The discussion started off with a formal definition of Data Science and how it is ushering in the fourth paradigm to tackle this constant flood of data. We then briefly touched upon the subtle differences between Data Science and Statistics along with the point of contention between the experts from the two fields. We also presented an honest opinion on what all it takes, in terms of technical skills and educational qualifications, to become a Data Scientist. Sure, it is cool to be one, but it is not as easy as it seems.
Along with the skills, we touched upon the learning path to become a Data Scientist. In this section, we covered the fundamental concepts one should know to advanced techniques like Reinforcement Learning and so on.

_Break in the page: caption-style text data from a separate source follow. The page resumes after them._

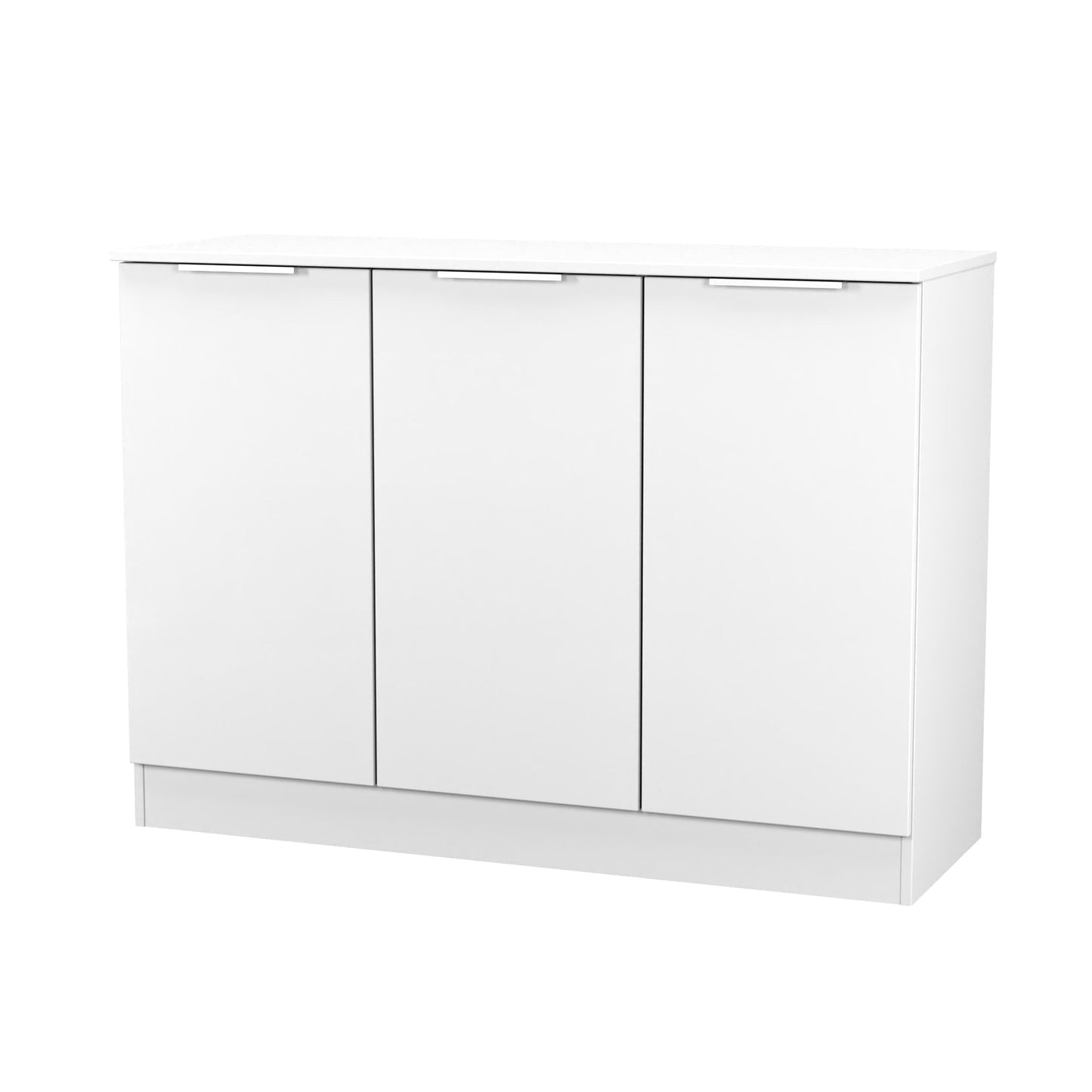 Plymouth Large Sideboard White 3 Doors 1 Shelf 110cm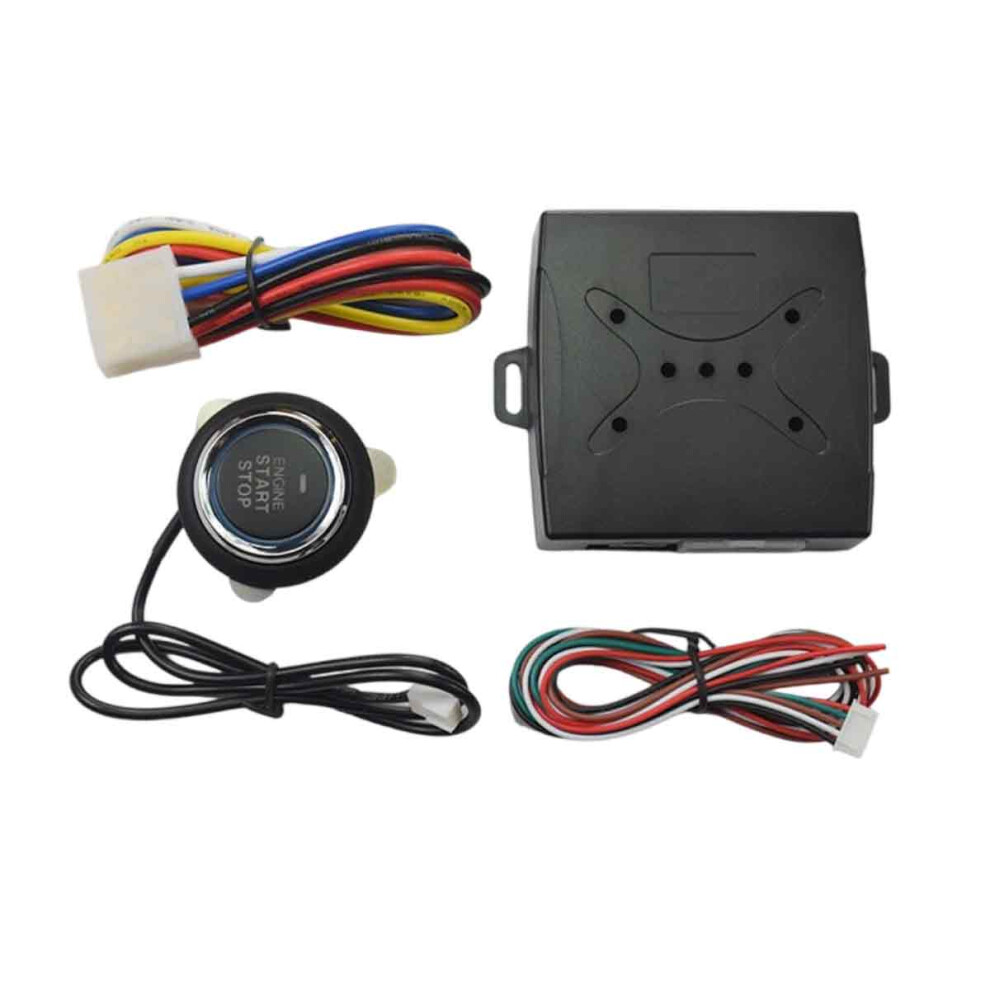 Keyless Go Push Button, Engine Start Stop Button Kit Featuring Immobilizer Lock & Universal Compatibility, Push To Start Ignition Kit 4 12V 9139052756496
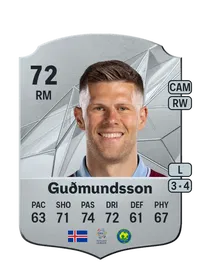 Jóhann Berg Guðmundsson Rare 72 Overall Rating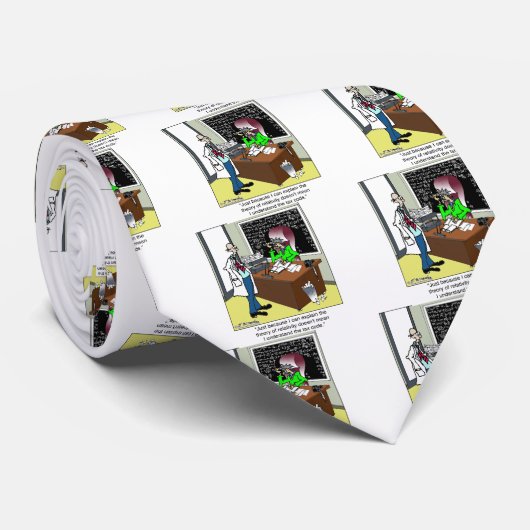 Cravate Théorie de relativité et du code fiscal (Roulé)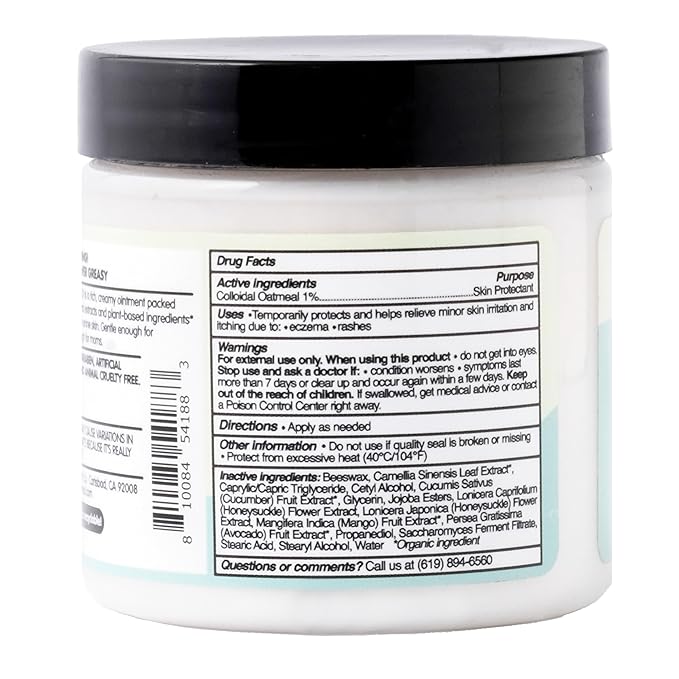 TUBBY TODD All Over Ointment Baby Eczema Cream, Everyday Multi-Purpose Baby Skin Relief Cream, Sensitive and Dry Skin, Rash & Irritation - Steroid & Gluten Free, Fragrance-Free, 8 oz, 2 Pack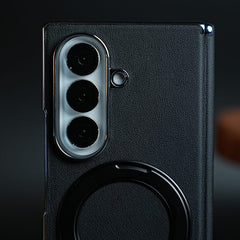 Premium Back Case for Samsung Galaxy Z Fold 8 Ultra | Hinge Protection & Rotating Metal Ring Stand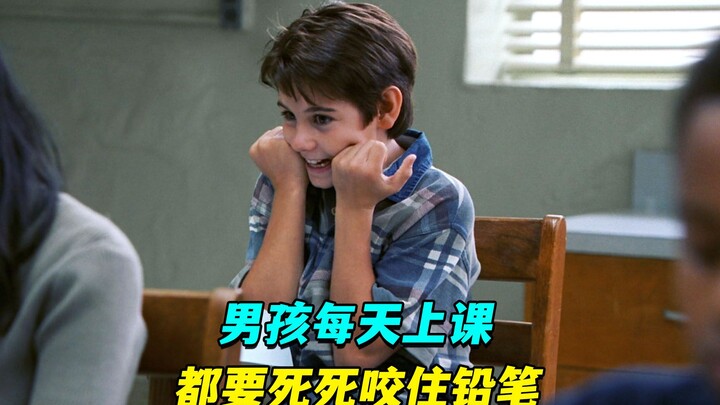 Every day in class, the boy clutches his pencil so tightly that it feels like he’s biting down on it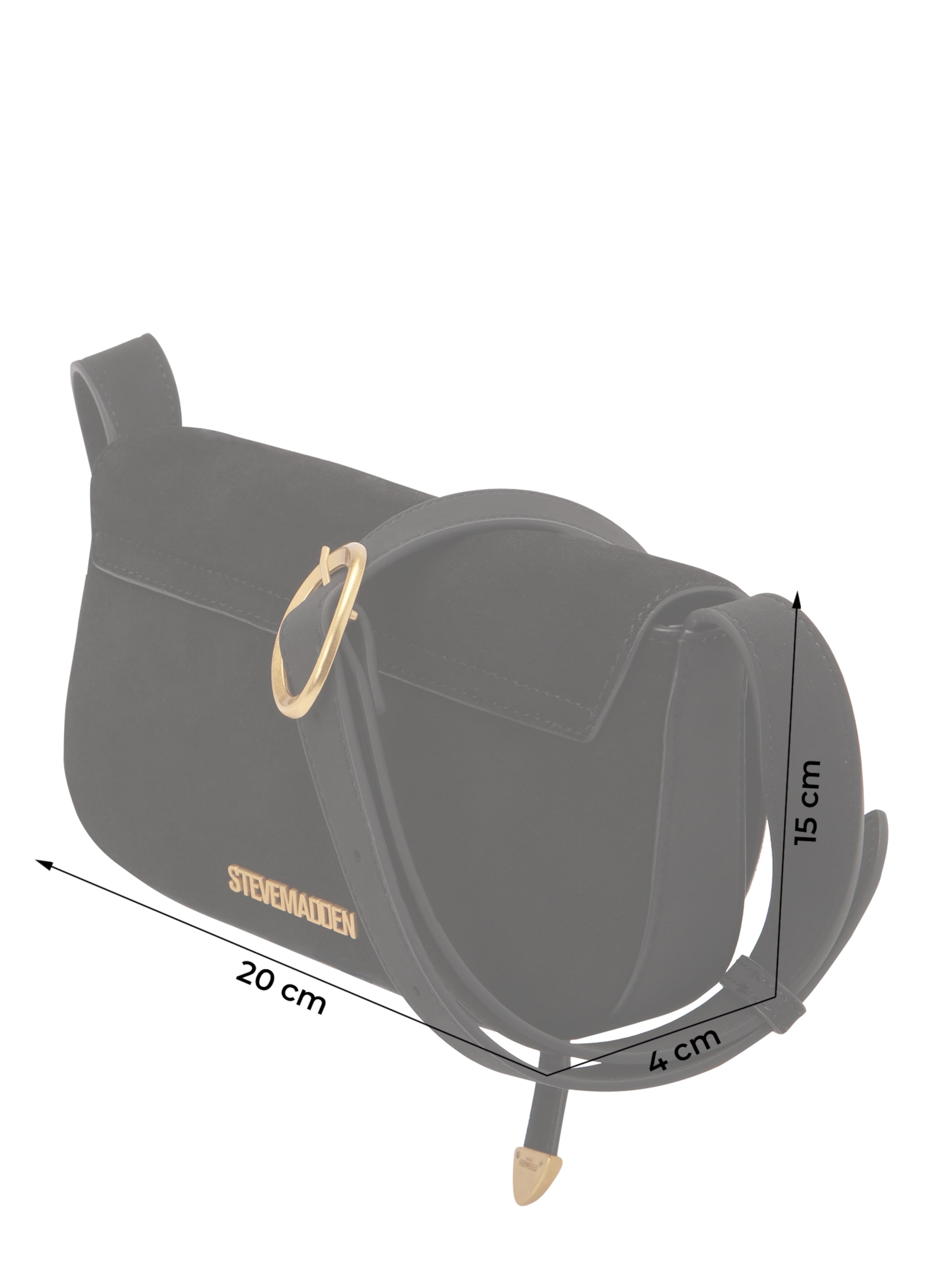 Borsa a tracolla 'Bklare' di STEVE MADDEN in nero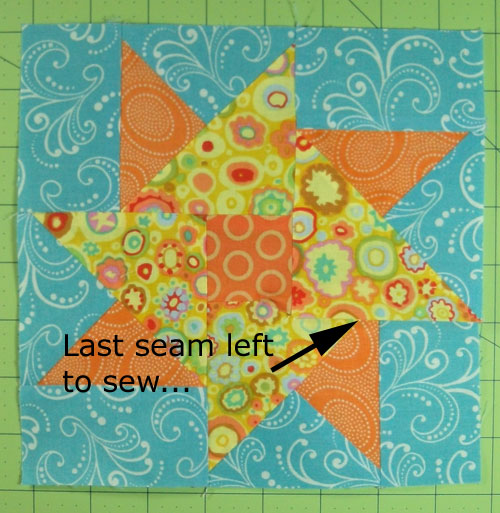 The unit before stitching the last seam The unit before stitching the last seam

The world is in deep shortage of Data Scientists. Top universities have taken up this challenge to upskill the existing and next generation of workforce. We discussed some of the courses being offered by these universities from across the globe. We also touched upon different companies that are hiring data scientists and at what salaries.
In the final leg, we introduced concepts related to Artificial Intelligence. It is imperative to understand how different yet overlapping Data Science and AI are.
With this, we hope you are equipped to get started on your journey to become a Data Scientist and contribute. If you are already working in this space, the article was aimed to demystify some commonly used terms and provide a high-level overview of Data Science.